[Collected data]
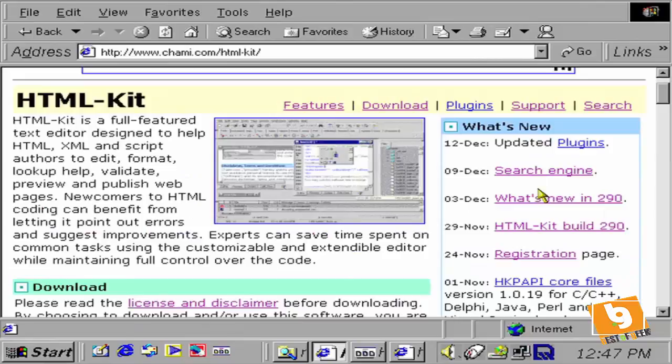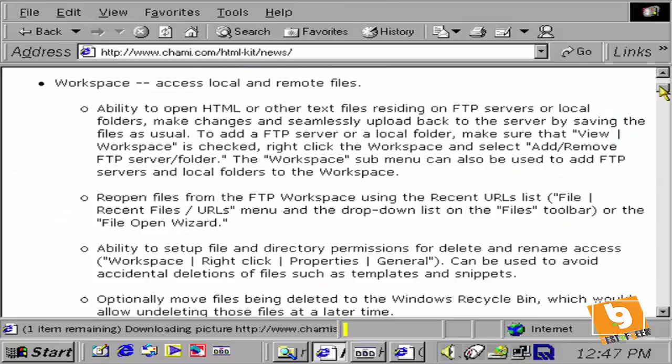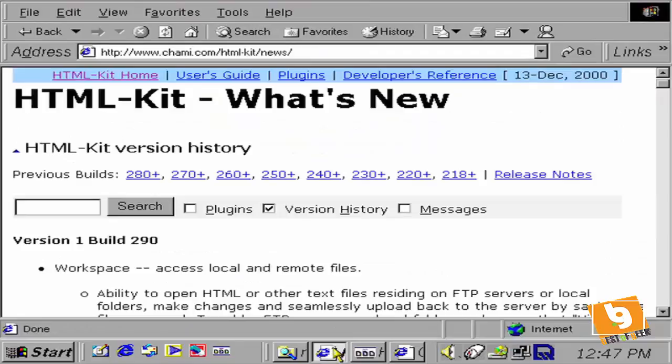We can also, if we want, download it from CNET and read through information about the program and the way it works.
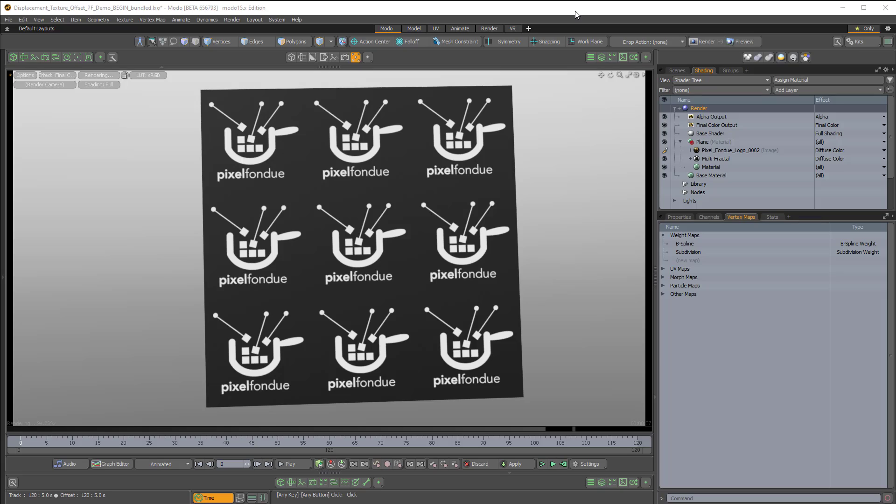Hey, this is Ed Ferrari from Pixel Fondue, and I thought I would share a quick tip for getting displacement to work with a texture offset effect.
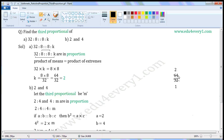Let us simplify this. The common factor of 64 and 32 is 32. Dividing both by the common factor: 64 divided by 32 gives 2, and 32 divided by 32 gives 1. The values left are 2 by 1, which is equal to 2. So K is equal to 2.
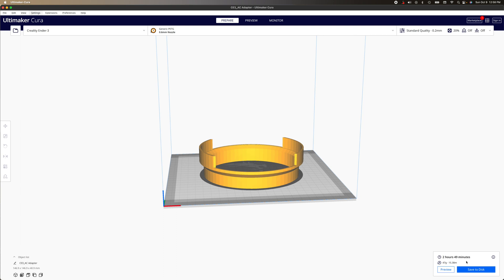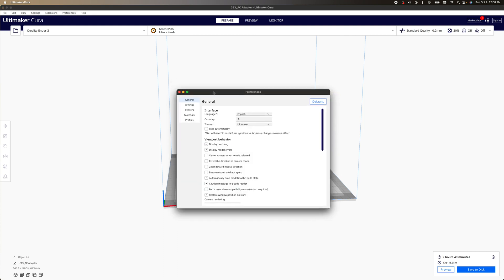But you could also add a setting where it shows the cost. So go up to preferences here and then go to configure Cura. Head down to materials.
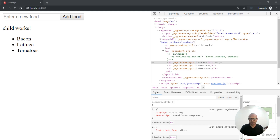Hello and welcome to this new video, glad that you are here. Today's video is about Angular, and specifically change detection in Angular — how does it work and what are the best practices.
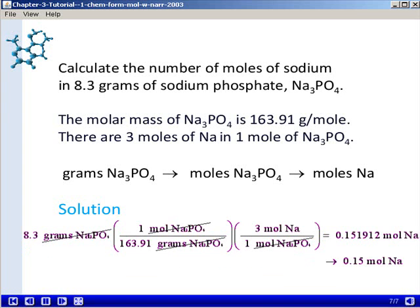Now let's plug in the numerical values. From the molar mass, 1 mole of sodium phosphate is 163.91 grams of sodium phosphate. From our second conversion factor dealing with the chemical formula, there are 3 moles of sodium in 1 mole of sodium phosphate. The units cancel, leaving us with a final unit of moles of sodium. When we perform the mathematical operation, we get a calculator answer of 0.151912 moles of sodium. Taking into account the rules for significant figures, we round our answer to 0.15 moles of sodium.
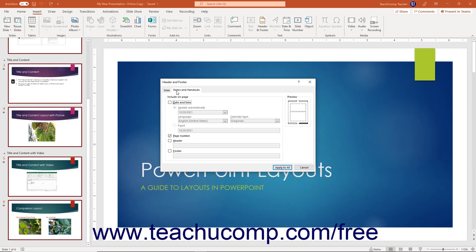To set the header and footer for the presentation's selected slides, click the Slide tab if needed. Then check the checkboxes in the Include on Slide section for the header and footer content you want to include, and uncheck the checkboxes for content you want to exclude. The choices are date and time, slide number, and footer. The area where the selected content will appear is shown in the preview section at the right side of the dialog box.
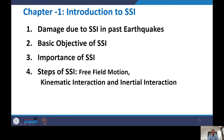Before discussing that, it is important to understand what SSI itself is. When structures like buildings are situated on soft or loose soil, during an earthquake the response of the structure is significantly changed due to the response of the soil. In SSI, the response of the soil changes the response of the structure, and at the same time how the structure responds to a given load also influences the response of the soil.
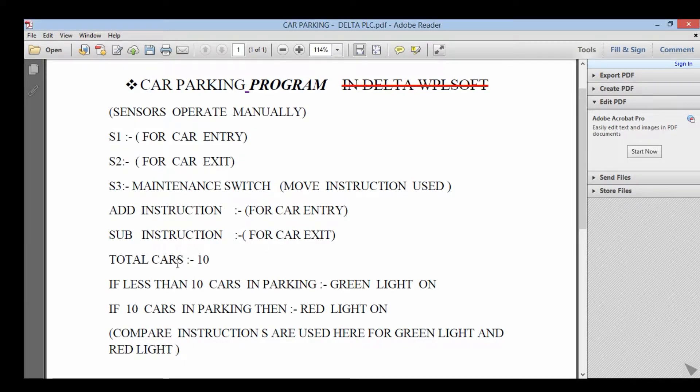Total 10 cars, resident 10 cars, green light on if 10 cars in parking, red light on.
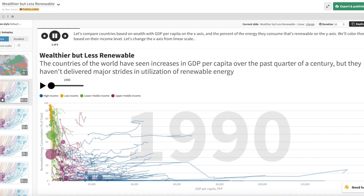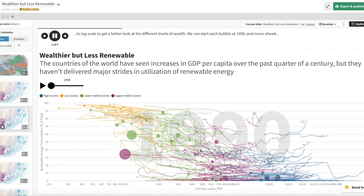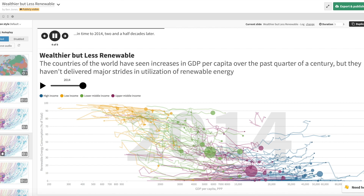I also teach how to use the Flourish Studio Talkies feature. Flourish is a new browser-based data visualization platform, and their Talkies feature actually lets you upload narrative audio to accompany your data story, which I thought was a really cool thing they did. So I teach the students how to do that in my course.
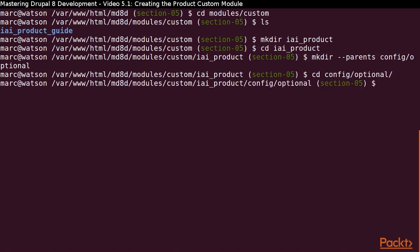One important point to note is that another side effect of the config optional directory is that Drupal will still install whatever it can with our module, even if there are dependencies that are missing.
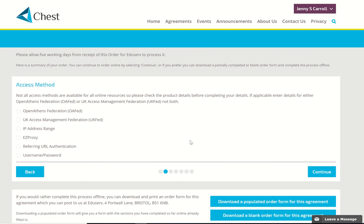As this is an online resource, you often have the choice of which access method you want to use. At the moment you will see that these are radio buttons, which means you can only choose one. This is a bug and it will be fixed before going live.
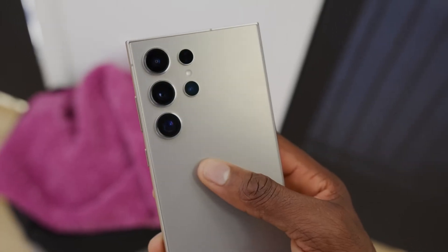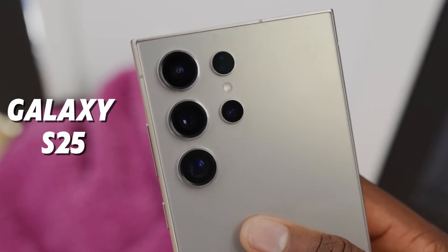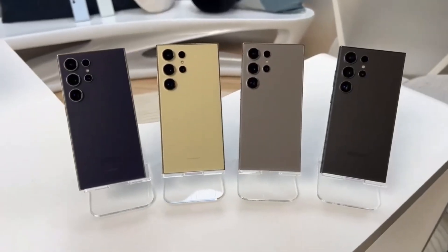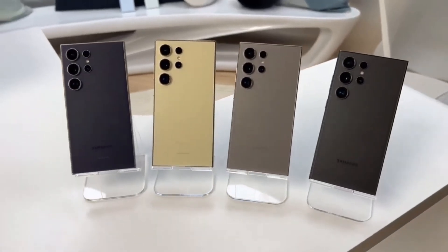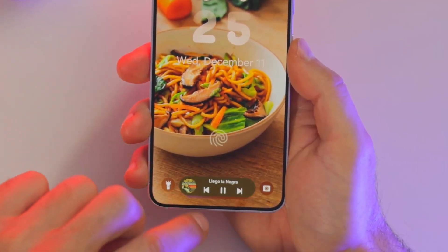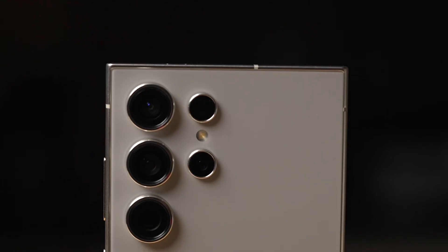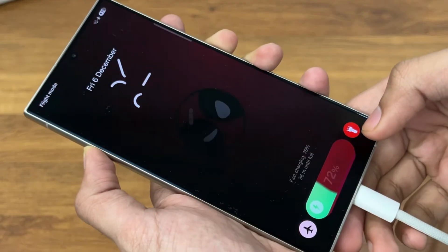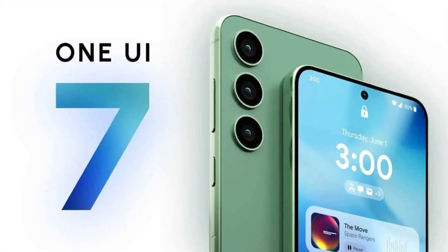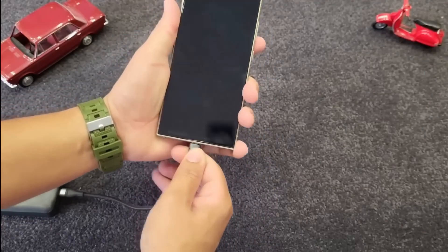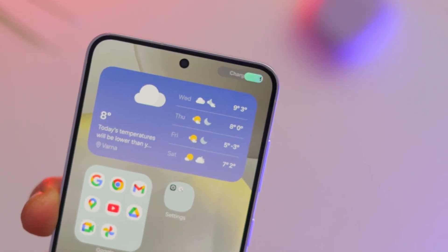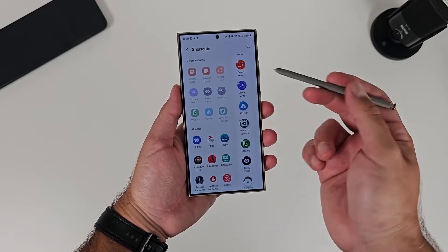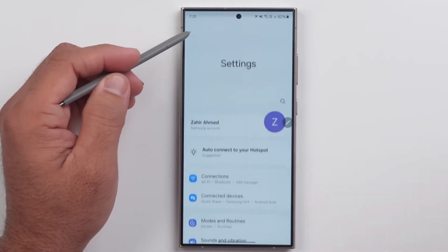Now, let's shift gears to the Galaxy S25 Ultra. This flagship device is shaping up to be a true game-changer, and the leaks we've seen so far only add to the anticipation. From its sleek, curved design to its upgraded camera system, the S25 Ultra is a testament to Samsung's commitment to innovation. The device's new charging indicator, introduced with One UI 7.0, is a small but thoughtful touch that enhances the overall user experience. And let's not forget the S Pen, which has received subtle design tweaks to align with the phone's curved edges.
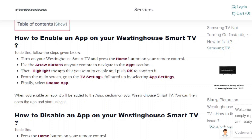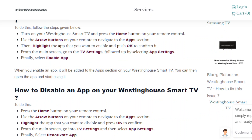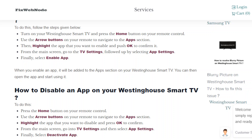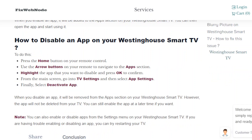You can then select the app and enable or disable it. If you want to enable or disable multiple applications at the same time, press the home button on your remote control, followed by selecting the settings icon, then select Settings or System. Here you can select the app settings and then select the enable or disable apps tab.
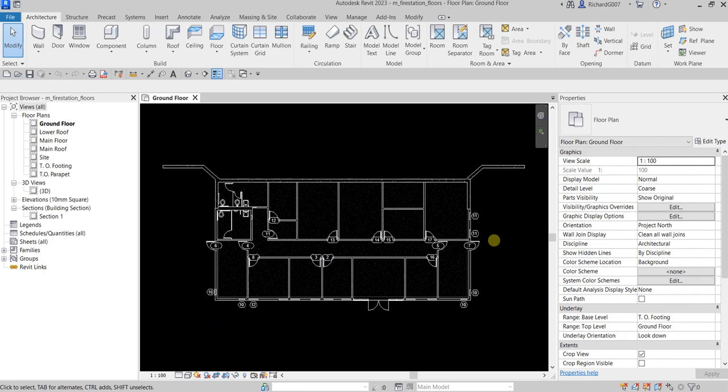What's up guys, Learning with Rich here. In this video we are going to continue developing our building model. This time I'm going to show you how to create and modify floors.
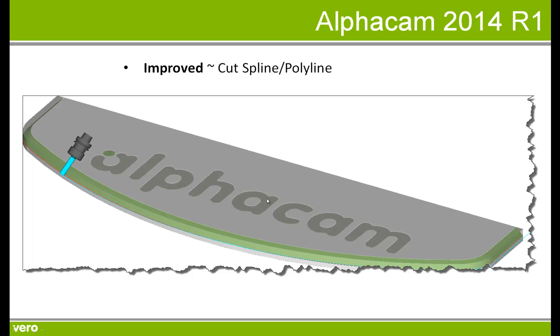In the following presentation we're going to look at the improved cut spline polyline command which now supports multiple cuts and bi-directional cuts.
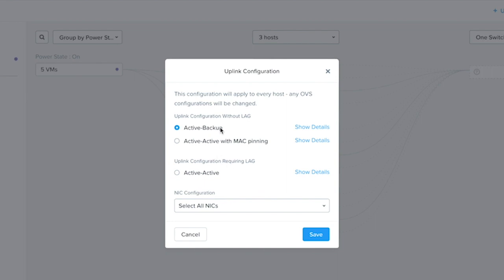Only one uplink is used in Active Backup. In Active Active with MAC pinning, all uplinks are used, however there's no dependency on switch configuration. Active Active, however, does require the switch ports to be configured in the lag with LACP for negotiation.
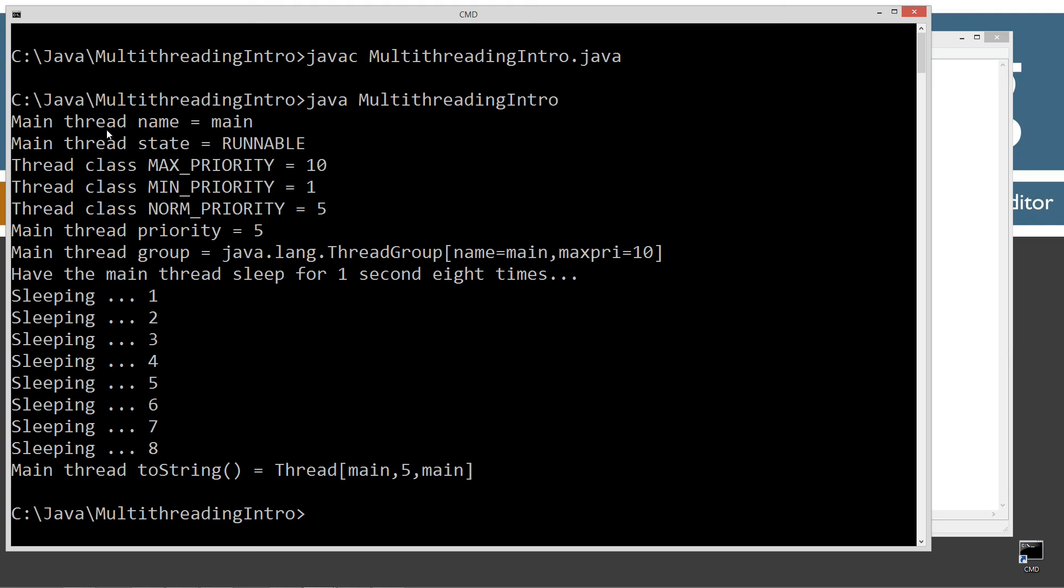So the main thread name equals main - imagine that, that's pretty intuitive. Hence the name of the main thread. The main thread state at the time we invoked that was runnable.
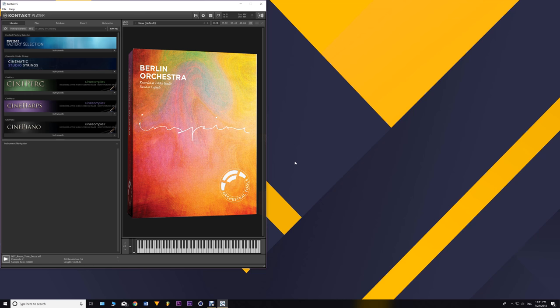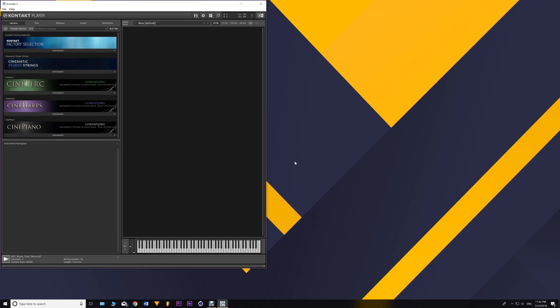If you want to take this library on, go ahead — it is a good library. The price difference between Berlin Inspire and Albion One is small, barely noticeable. Check out the demos and walkthroughs for both libraries until you feel comfortable enough to buy one. What's great is that both are compatible with the free version of Kontakt.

TASK OBJECTIVE - Print the data above exactly, minus pictures.

EXPECTED ANSWER -
We can also, if we want, download it from CNET and read through information about the program and the way it works.
Hey, this is Ed Ferrari from Pixel Fondue, and I thought I would share a quick tip for getting displacement to work with a texture offset effect.
Let us simplify this. The common factor of 64 and 32 is 32. Dividing both by the common factor: 64 divided by 32 gives 2, and 32 divided by 32 gives 1. The values left are 2 by 1, which is equal to 2. So K is equal to 2.
But you could also add a setting where it shows the cost. So go up to preferences here and then go to configure Cura. Head down to materials.
Hello and welcome to this new video, glad that you are here. Today's video is about Angular, and specifically change detection in Angular — how does it work and what are the best practices.
Now let's plug in the numerical values. From the molar mass, 1 mole of sodium phosphate is 163.91 grams of sodium phosphate. From our second conversion factor dealing with the chemical formula, there are 3 moles of sodium in 1 mole of sodium phosphate. The units cancel, leaving us with a final unit of moles of sodium. When we perform the mathematical operation, we get a calculator answer of 0.151912 moles of sodium. Taking into account the rules for significant figures, we round our answer to 0.15 moles of sodium.
To set the header and footer for the presentation's selected slides, click the Slide tab if needed. Then check the checkboxes in the Include on Slide section for the header and footer content you want to include, and uncheck the checkboxes for content you want to exclude. The choices are date and time, slide number, and footer. The area where the selected content will appear is shown in the preview section at the right side of the dialog box.
Before discussing that, it is important to understand what SSI itself is. When structures like buildings are situated on soft or loose soil, during an earthquake the response of the structure is significantly changed due to the response of the soil. In SSI, the response of the soil changes the response of the structure, and at the same time how the structure responds to a given load also influences the response of the soil.
Total 10 cars, resident 10 cars, green light on if 10 cars in parking, red light on.
I also teach how to use the Flourish Studio Talkies feature. Flourish is a new browser-based data visualization platform, and their Talkies feature actually lets you upload narrative audio to accompany your data story, which I thought was a really cool thing they did. So I teach the students how to do that in my course.
One important point to note is that another side effect of the config optional directory is that Drupal will still install whatever it can with our module, even if there are dependencies that are missing.
As this is an online resource, you often have the choice of which access method you want to use. At the moment you will see that these are radio buttons, which means you can only choose one. This is a bug and it will be fixed before going live.
Now, let's shift gears to the Galaxy S25 Ultra. This flagship device is shaping up to be a true game-changer, and the leaks we've seen so far only add to the anticipation. From its sleek, curved design to its upgraded camera system, the S25 Ultra is a testament to Samsung's commitment to innovation. The device's new charging indicator, introduced with One UI 7.0, is a small but thoughtful touch that enhances the overall user experience. And let's not forget the S Pen, which has received subtle design tweaks to align with the phone's curved edges.
You can then select the app and enable or disable it. If you want to enable or disable multiple applications at the same time, press the home button on your remote control, followed by selecting the settings icon, then select Settings or System. Here you can select the app settings and then select the enable or disable apps tab.
What's up guys, Learning with Rich here. In this video we are going to continue developing our building model. This time I'm going to show you how to create and modify floors.
In the following presentation we're going to look at the improved cut spline polyline command which now supports multiple cuts and bi-directional cuts.
Only one uplink is used in Active Backup. In Active Active with MAC pinning, all uplinks are used, however there's no dependency on switch configuration. Active Active, however, does require the switch ports to be configured in the lag with LACP for negotiation.
So the main thread name equals main - imagine that, that's pretty intuitive. Hence the name of the main thread. The main thread state at the time we invoked that was runnable.
If you want to take this library on, go ahead — it is a good library. The price difference between Berlin Inspire and Albion One is small, barely noticeable. Check out the demos and walkthroughs for both libraries until you feel comfortable enough to buy one. What's great is that both are compatible with the free version of Kontakt.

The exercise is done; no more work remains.